PROBLEM DETAILS |
Range to copy from the entries below: the line containing "Close up view" through the line containing "Ritratto di giovane", inclusive. Retype only those lines, exactly, without any images.

RECORDED INFORMATION |
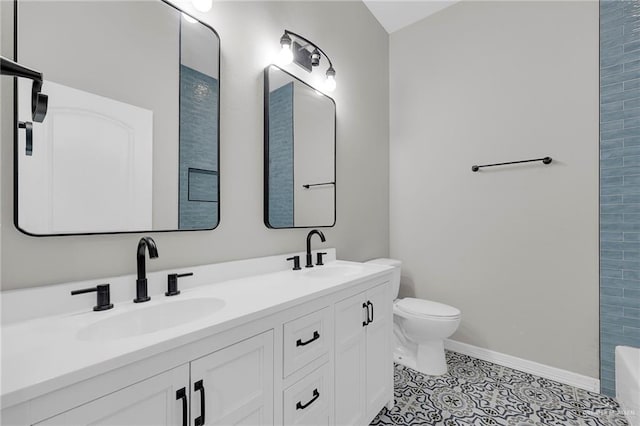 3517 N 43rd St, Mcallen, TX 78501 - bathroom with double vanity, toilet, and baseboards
* * *
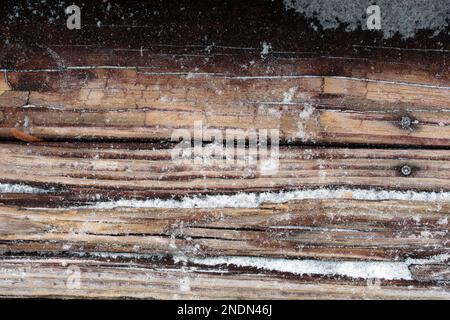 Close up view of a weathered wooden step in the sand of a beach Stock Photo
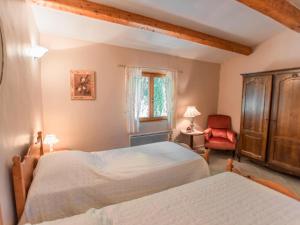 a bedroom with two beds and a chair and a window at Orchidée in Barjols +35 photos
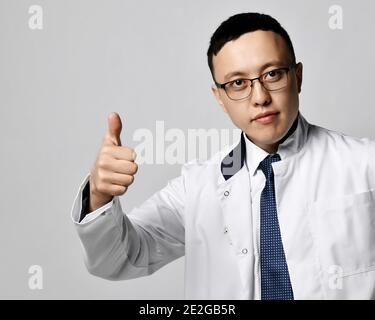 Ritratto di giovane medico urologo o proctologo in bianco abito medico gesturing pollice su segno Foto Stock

REPLY TO THE EXERCISE |
 Close up view of a weathered wooden step in the sand of a beach Stock Photo
 a bedroom with two beds and a chair and a window at Orchidée in Barjols +35 photos
 Ritratto di giovane medico urologo o proctologo in bianco abito medico gesturing pollice su segno Foto Stock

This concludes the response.